» Data segment
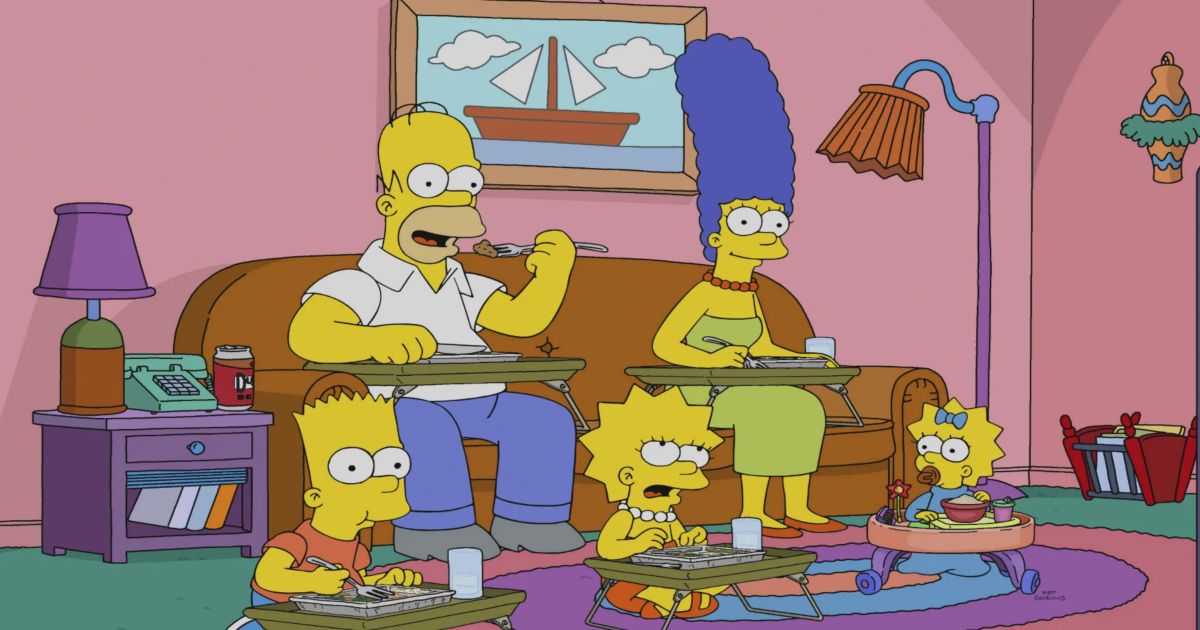 The Simpsons family watching TV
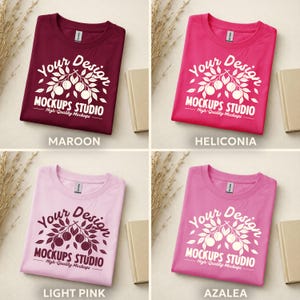 May include: Four t-shirts in different colors: maroon, heliconia, light pink, and azalea. Each shirt has a white graphic with the text "Your Design MOCKUPS STUDIO High-Quality Mockups". The shirts are folded and displayed with small books and dried plants.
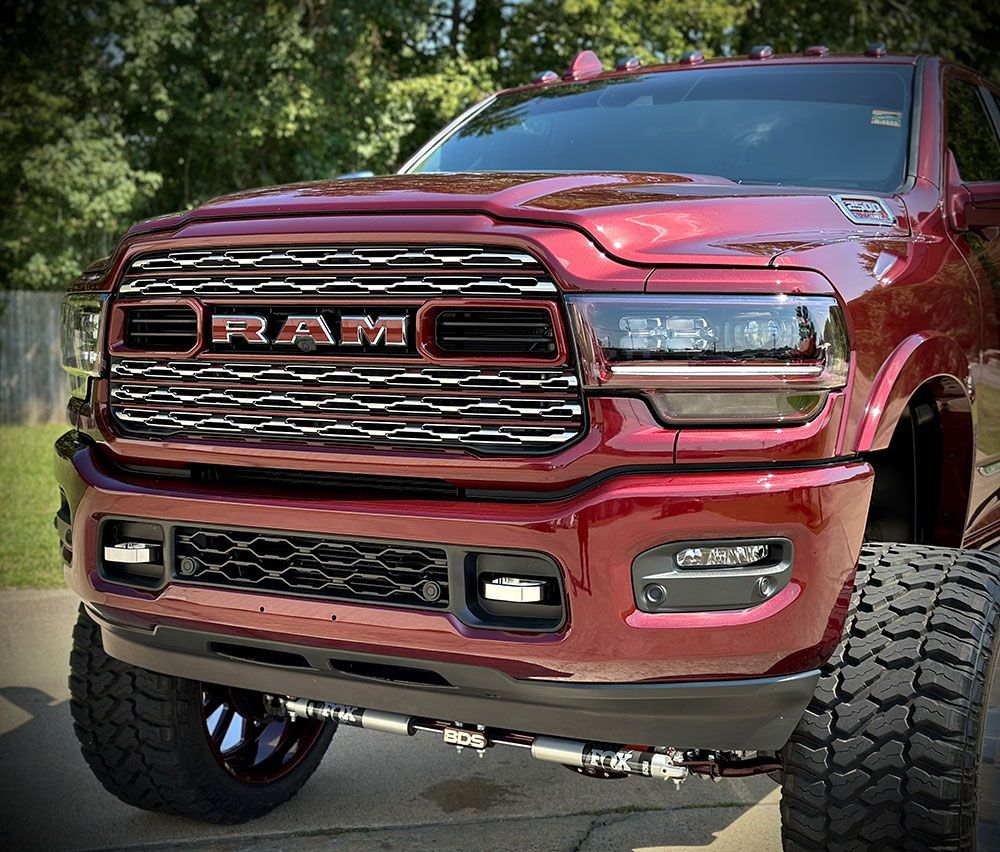 Red Ram truck with custom grill, lifted, and large tires.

» Activity
Write out the data exactly, and exclude every picture it holds.

» Solution to the exercise
 The Simpsons family watching TV
 May include: Four t-shirts in different colors: maroon, heliconia, light pink, and azalea. Each shirt has a white graphic with the text "Your Design MOCKUPS STUDIO High-Quality Mockups". The shirts are folded and displayed with small books and dried plants.
 Red Ram truck with custom grill, lifted, and large tires.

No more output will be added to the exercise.